Probus Management
- Founded: 4 May 1993
- Headquarters: West Bromwich
- Locale: West Midlands
- Service type: Bus services
- Fleet: 115 (March 2006)

= Probus Management =

Former English bus company

This company originally traded as Pete's Travel, and has also traded as People's Express

Probus Management was a bus company in the West Midlands which was acquired by the Go-Ahead Group in March 2006.

==History==
Probus Management commenced operating on 4 May 1993 trading as Pete's Travel with two Dodge minibuses on route 404 between Walsall and West Bromwich.

The operation of route 79, between Birmingham, West Bromwich and Wolverhampton, increased the size of the fleet to six by the end of the year. All the vehicles were painted in a white livery with a black skirt, and red fleet names. ^{Pictured}

===Purchase of Lionspeed and gain of Centro contracts===
In May 1994, Pete's acquired Lionspeed, who was a minibus operator based in Erdington, running a mix of commercial and Centro supported services in north Birmingham.

The company successfully gained the right to run its own Centro contracts in October 1994, and by February 1995 it had 25 minibuses in operation, mostly second-hand Dodge minibuses.

Pete's moved to a new depot in Church Lane Industrial Estate in May 1996, where 50 minibuses could be parked under cover. At the same time Lionspeed's yellow and green livery was adopted, and the company bought its first new buses in the shape of Mercedes-Benz minibuses, which were operated under a separate company called The Busy Bus Company.

In October 1996, the company won more Centro contracts and additional vehicles were needed. Pete's wanted six Mercedes-Benz Varios but could not obtain enough in time, so other bus types were operated, including a Dennis Dart SLF. The popularity of these buses led to Pete's purchasing another three in June 1997.

Pete's Travel took over further Centro contracts, with Dodge minibuses, in January 1997, after The Little Red Bus Company went into receivership.
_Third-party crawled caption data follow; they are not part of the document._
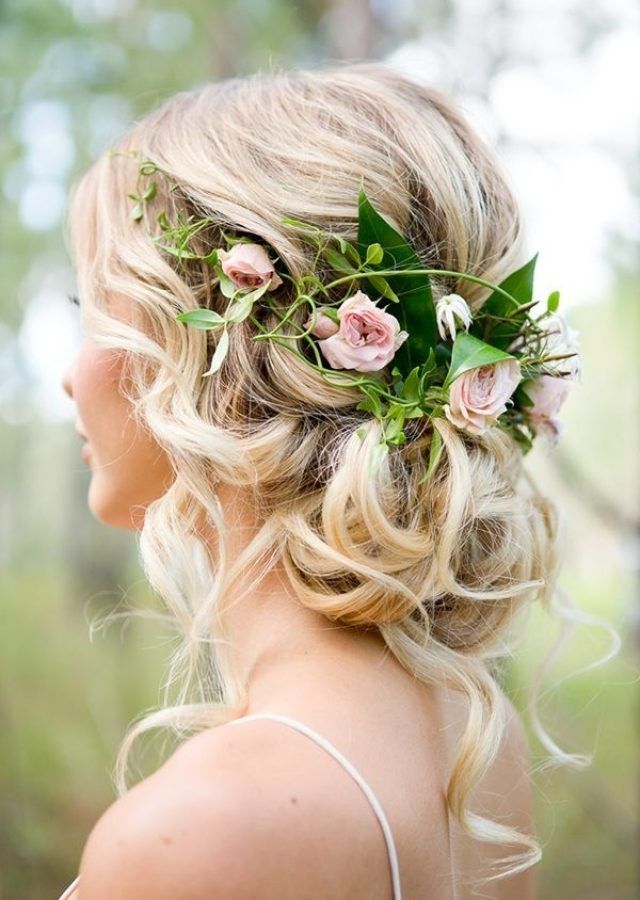 15 Inspirations Romantic Wedding Hairstyles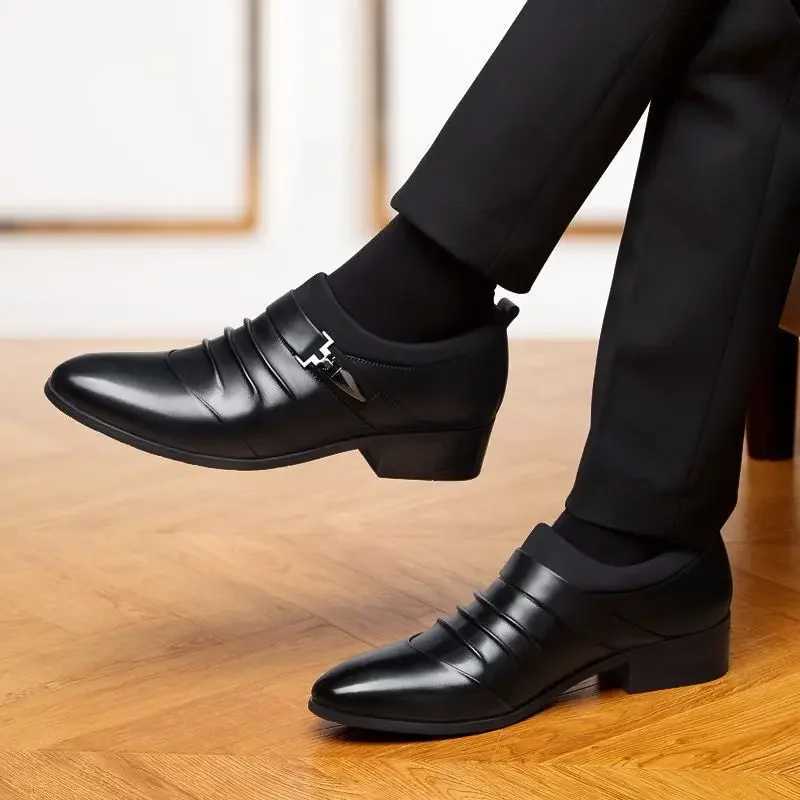 2024 Trend Black Pointed Toe Social Dress Shoes for Men Official Clothing Legitimate Leather Italian Low Price Style 39 Y250715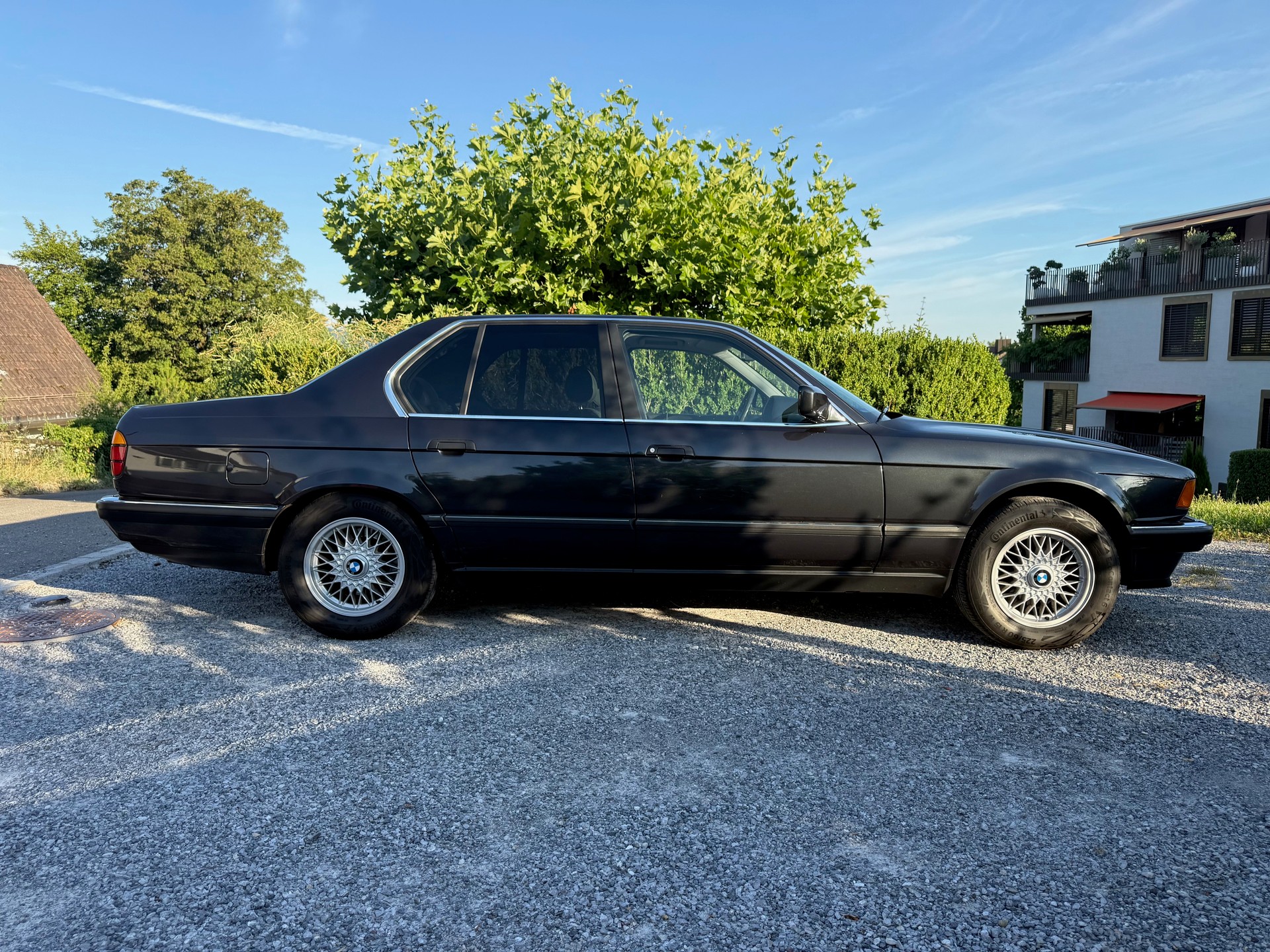 BMW 735-image-17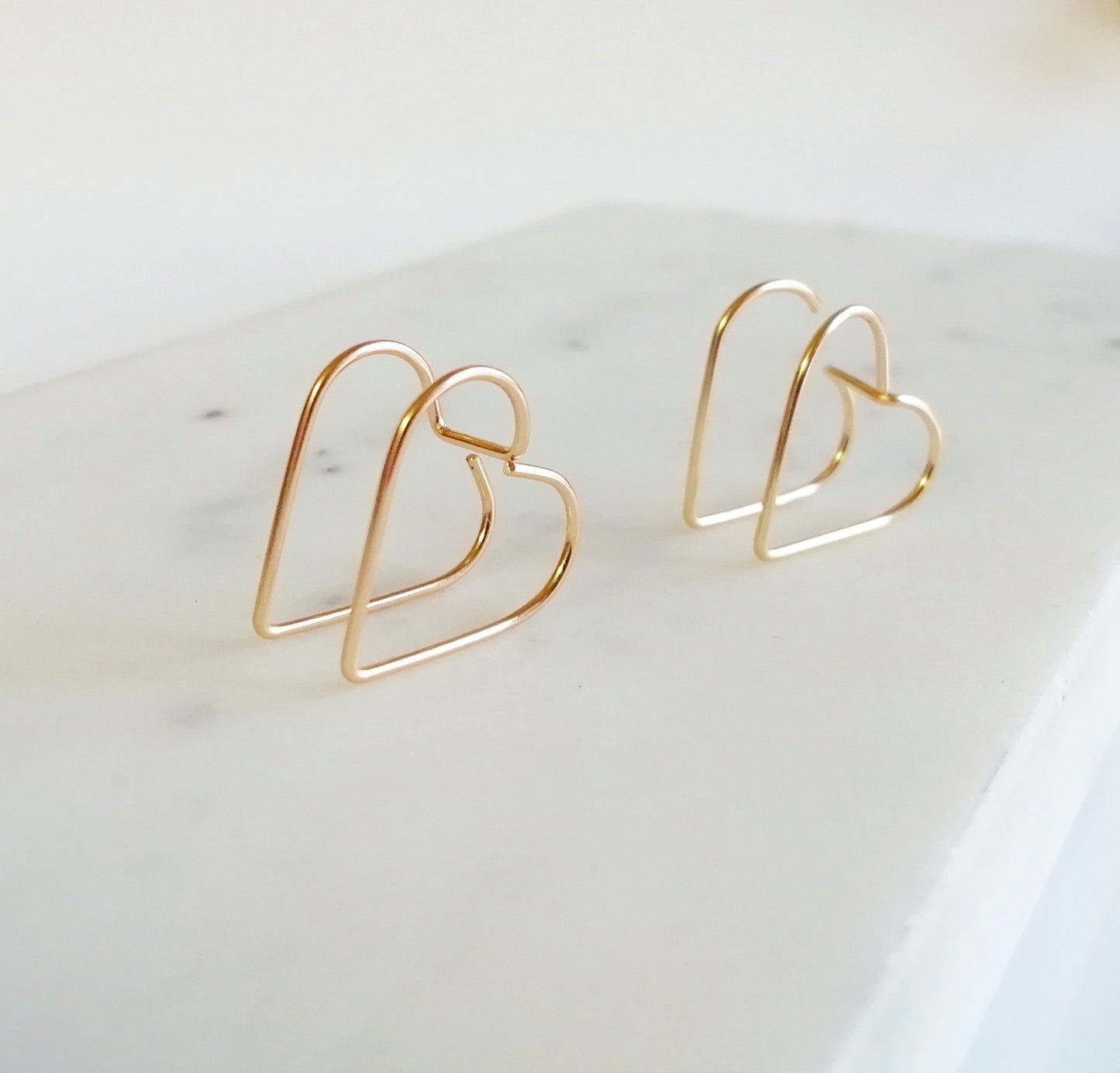 Boucles d'oreilles architecturales en 3D cœur, or laminé 14k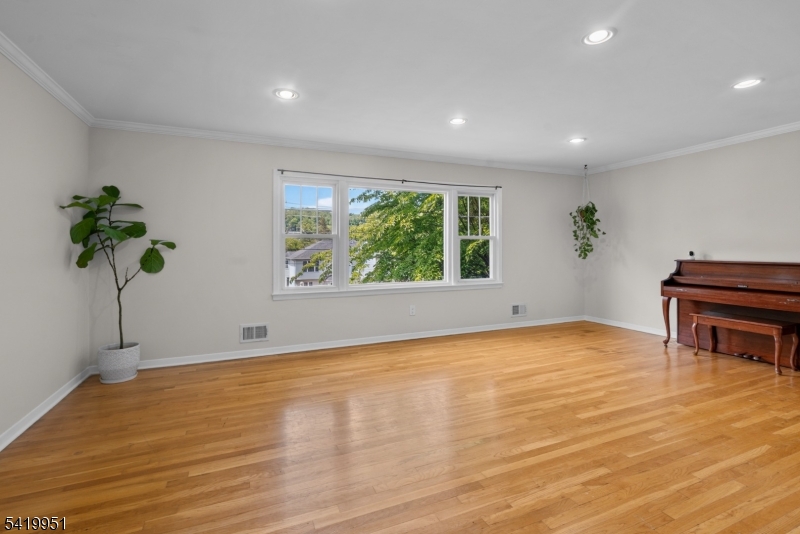 260 Saint Cloud Ave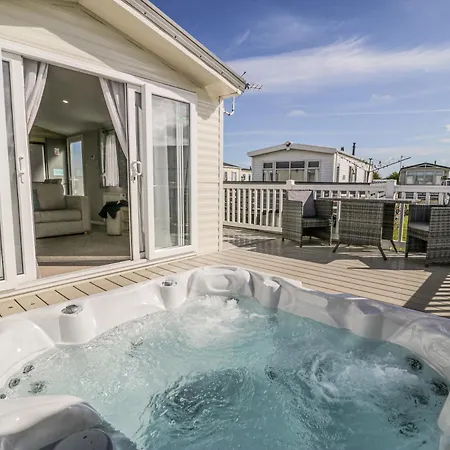 Manor House Platinum 3 Bedroom 16e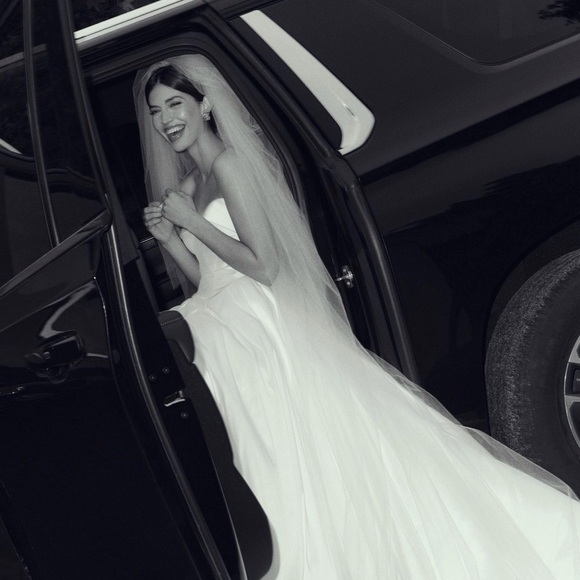BHLDN Clean Chapel Length Single Layer Tulle Veil - Ivory
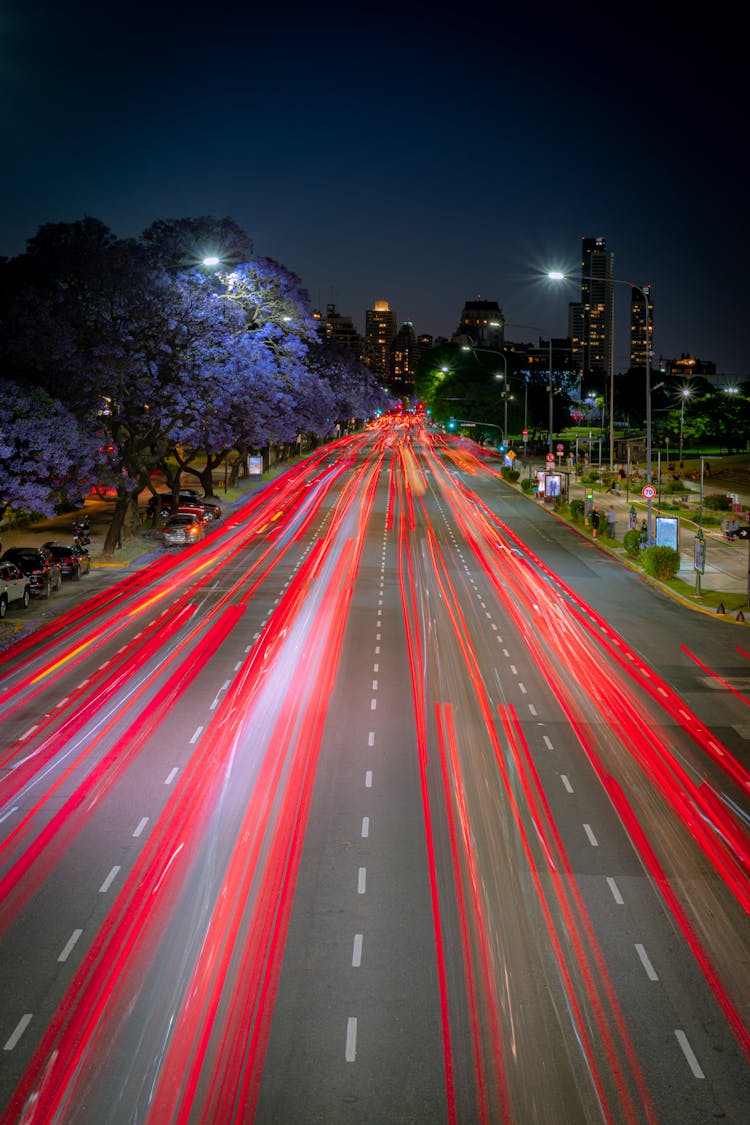 充满活力的城市夜间交通灯步道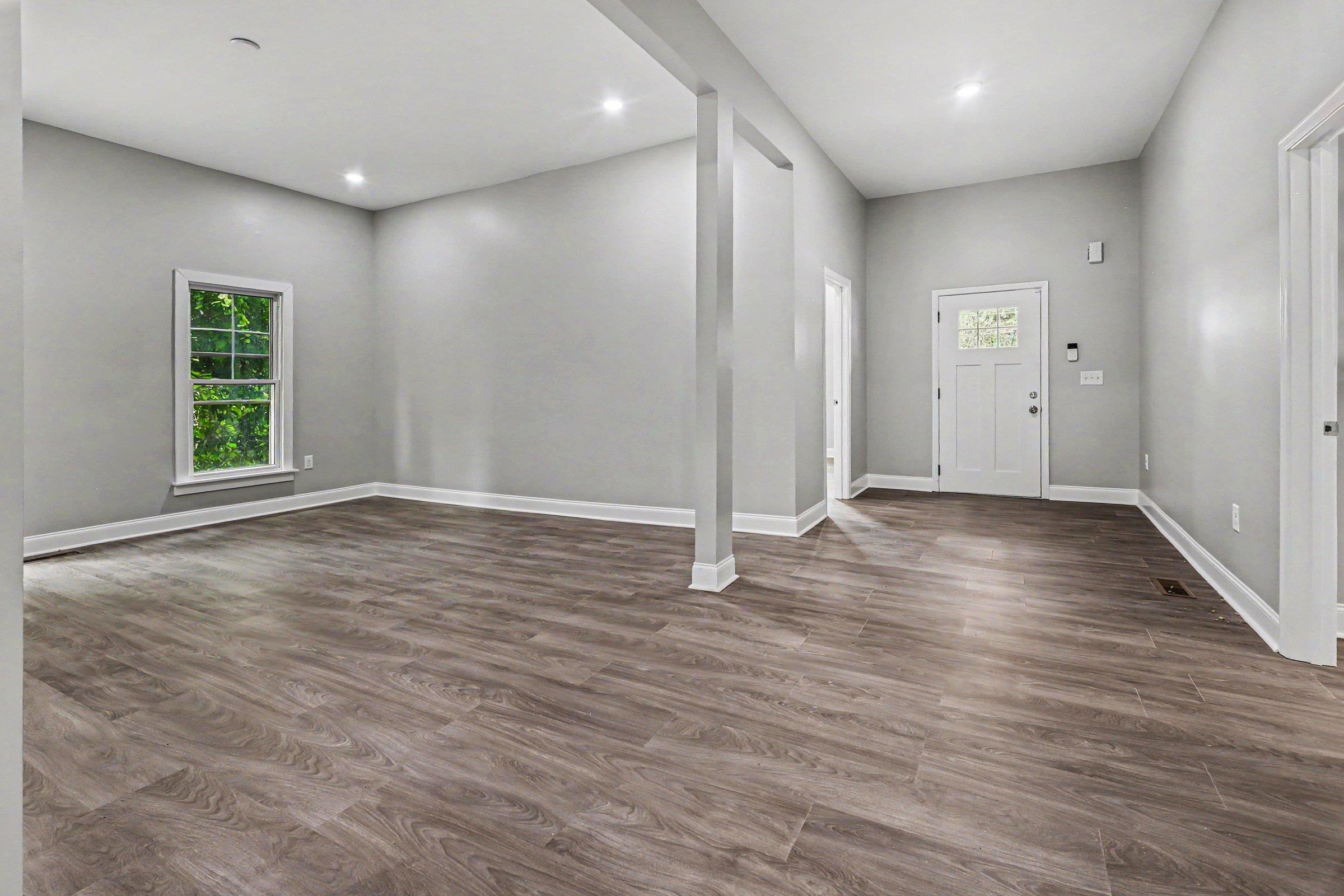 303 E Park Avenue Property Photo 4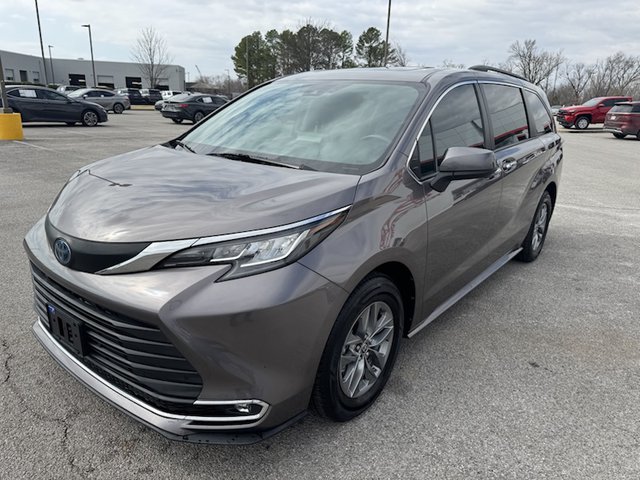 2022 Toyota Sienna Hybrid XLE FWD 7-Pass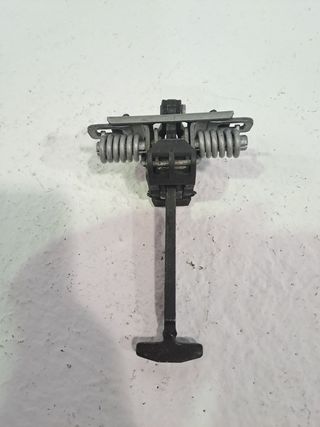 RETENEDOR PUERTA CITROEN C4 GRAND PICASSO (2)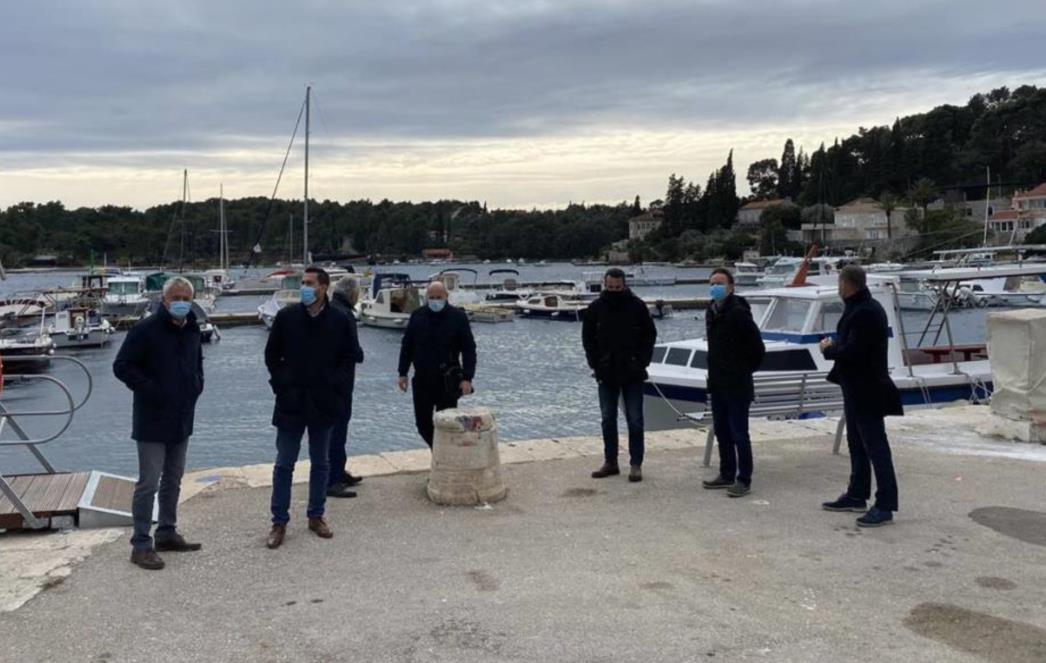 Saborski zastupnik Bačić, župan Dobroslavić i zamjenik Cebalo obišli vrijedne projekte lučke infrasturkture na Korčuli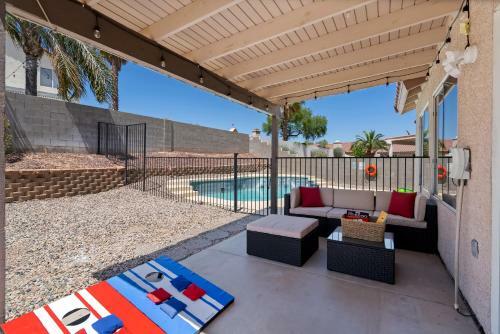 Cheerful Resort With Mountain View, Pool And Spa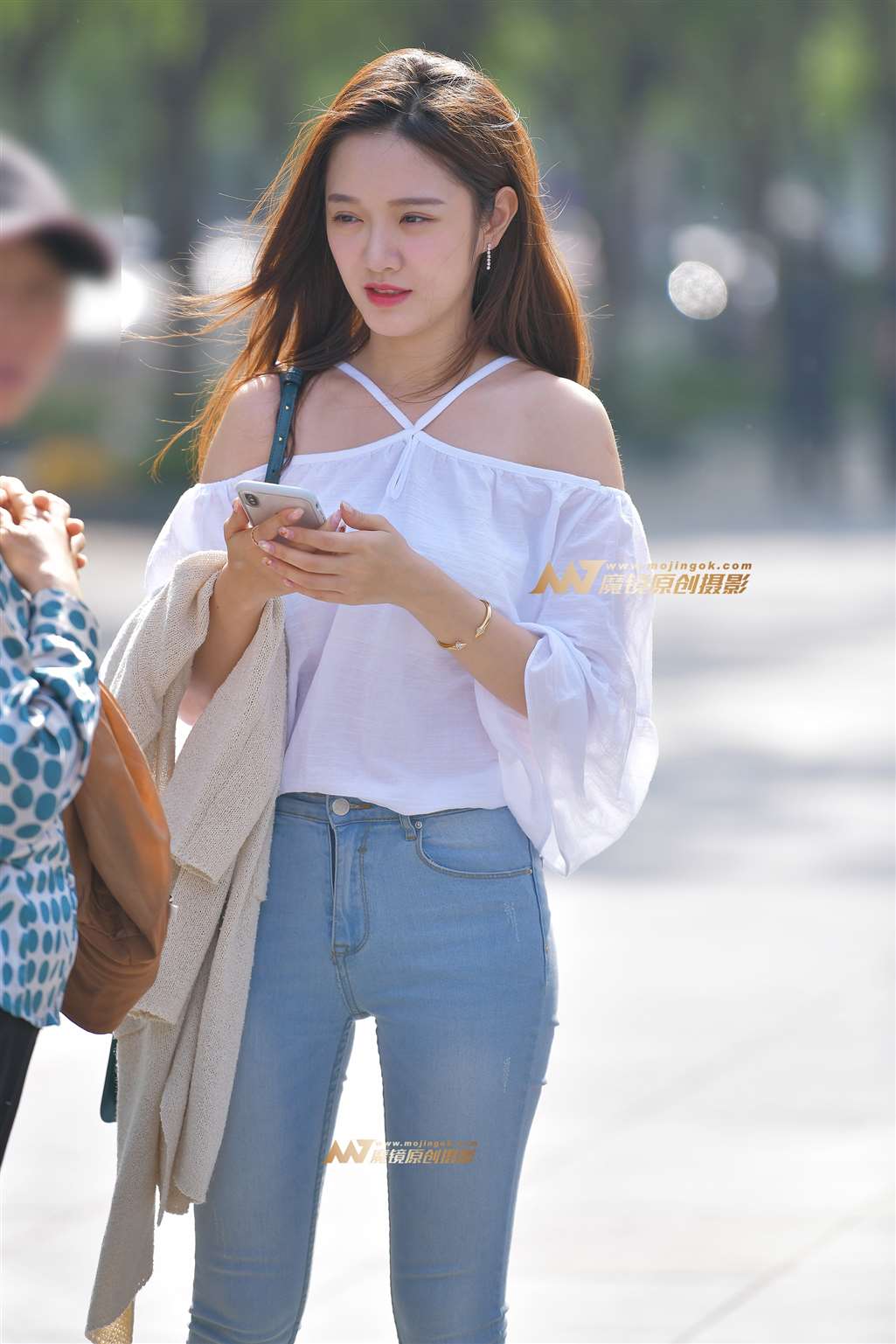 【红石赛贴】漂亮牛仔裤美女-流行馆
===Purchase of People's Express===
In May 1997, the company acquired a 50% stake in People's Express, who at the time operated 13 buses, also in West Bromwich. The remainder of People's Express was purchased in June 1998, along with the company's Centro contracts. Following more contract wins at the end of 1998, the company expanded into Coventry, Telford and Bridgnorth.

===Move to Hill Top and Redditch===
A new depot was purchased in February of that year, at "Hill Top" in West Bromwich, allowing the use of double deckers for Centro school contracts.

In October 2001, two new depots were established, one in Coventry for newly won Centro and Warwickshire County Council contracts, and another in Redditch for Centro and Worcestershire County Council contracts, and some commercial services following First Wyvern's staff shortage service cuts.

===Rise and decline of the Telford operations===
In February 2002, the Britannia Travel of Telford business was purchased, which was used to expand operations in Shropshire and to start a coach operation. The Telford depot was closed in late 2004 due to the extensive loss of Shropshire contracts.

==People's Express name revived==
On 28 March 2005, the company changed its trading name from Pete's Travel to People's Express. On 17 June 2005, People's Express closed the Redditch depot. From that date all services were operated from the West Bromwich depot.

==Go-Ahead==
On 21 March 2006, Probus Management was purchased by the Go-Ahead Group and integrated into its Go West Midlands operation with the People's Express name dropped from use.

In March 2008, Go West Midlands was sold to Rotala and is now part of Diamond Bus.

==Fleet==
At the time of the sale to Go-Ahead in March 2006, the fleet composed of 115 buses and coaches.